**The data**
--- START ---
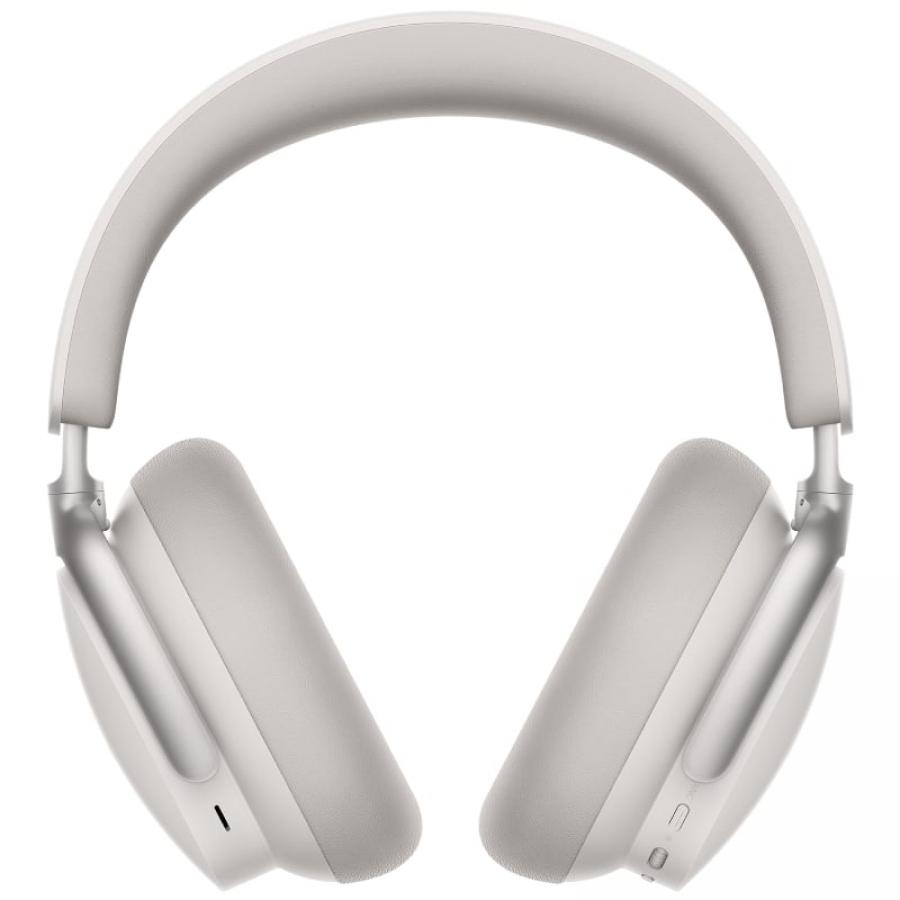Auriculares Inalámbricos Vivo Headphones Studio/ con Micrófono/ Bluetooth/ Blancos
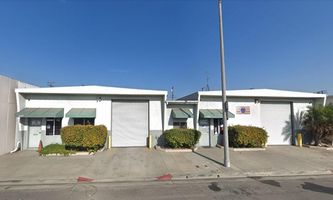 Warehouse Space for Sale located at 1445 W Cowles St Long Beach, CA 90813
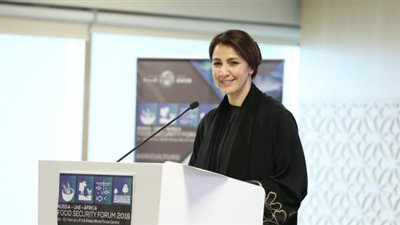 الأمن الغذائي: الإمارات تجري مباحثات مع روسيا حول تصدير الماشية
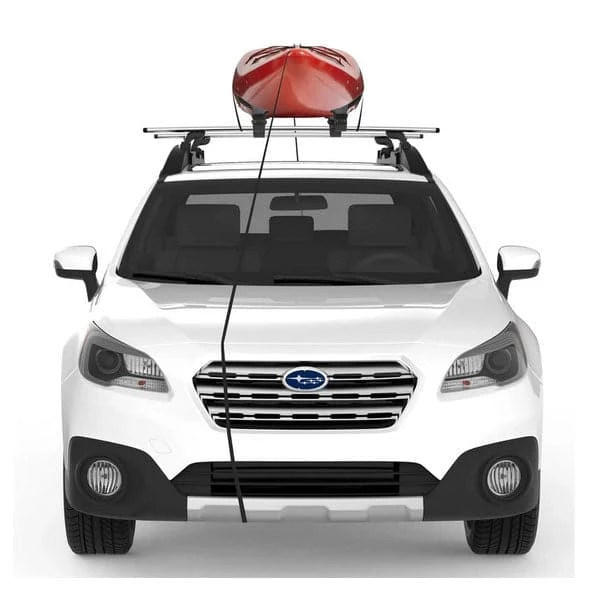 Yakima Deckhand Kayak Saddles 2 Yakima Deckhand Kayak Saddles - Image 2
--- END ---
--- START ---
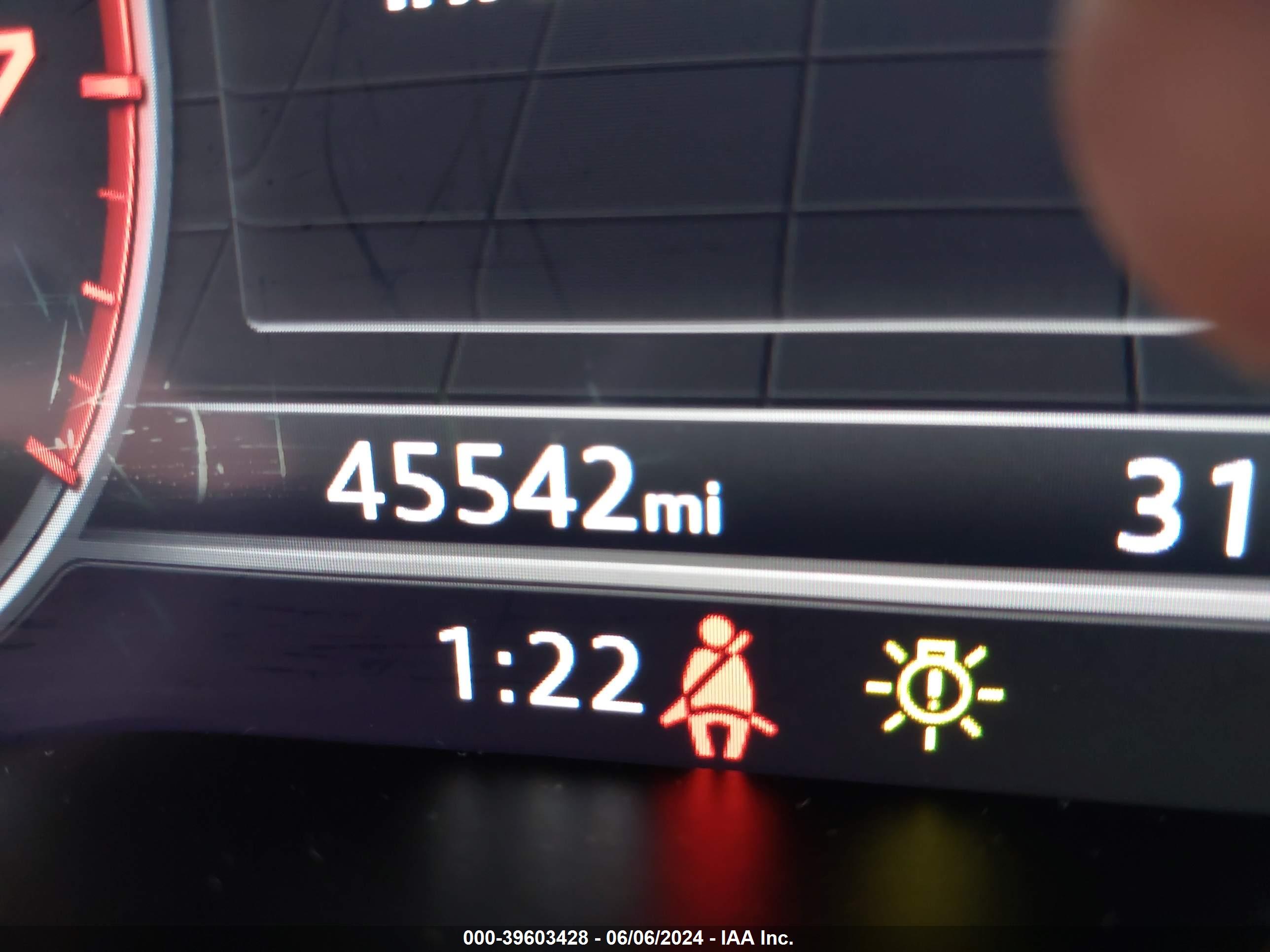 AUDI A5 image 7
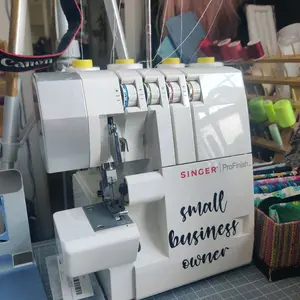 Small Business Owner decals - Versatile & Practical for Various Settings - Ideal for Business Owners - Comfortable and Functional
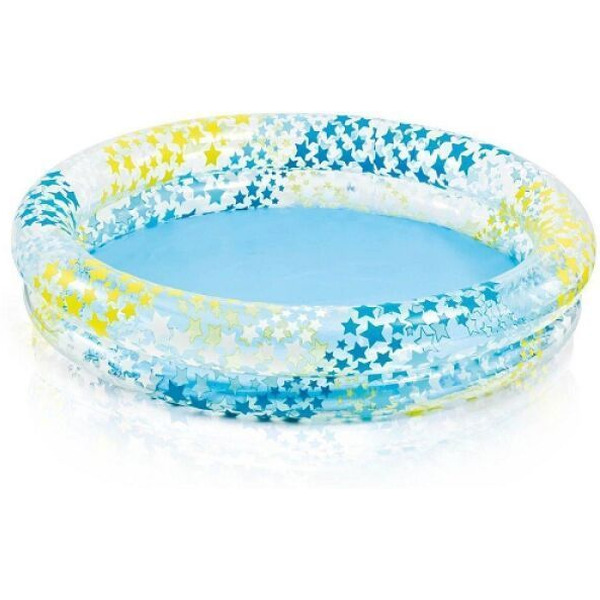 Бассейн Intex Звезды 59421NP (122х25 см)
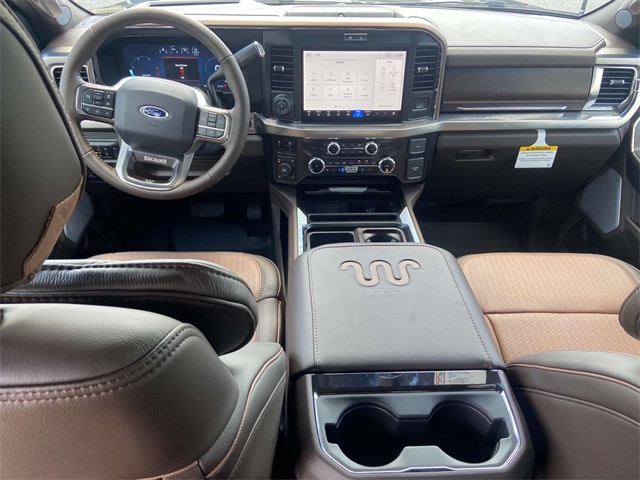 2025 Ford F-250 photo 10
--- END ---
--- START ---
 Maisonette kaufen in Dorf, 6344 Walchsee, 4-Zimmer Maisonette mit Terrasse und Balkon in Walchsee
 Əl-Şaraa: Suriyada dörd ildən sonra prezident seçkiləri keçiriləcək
--- END ---
**Exercise prompt**
Using the entries above, extract exactly the lines from the one that contains "Auriculares Inalámbricos Vivo" through the one that contains "Yakima Deckhand Kayak Saddles 2". Do not carry over any pictures.

**Finished exercise**
Auriculares Inalámbricos Vivo Headphones Studio/ con Micrófono/ Bluetooth/ Blancos
 Warehouse Space for Sale located at 1445 W Cowles St Long Beach, CA 90813
 الأمن الغذائي: الإمارات تجري مباحثات مع روسيا حول تصدير الماشية
 Yakima Deckhand Kayak Saddles 2 Yakima Deckhand Kayak Saddles - Image 2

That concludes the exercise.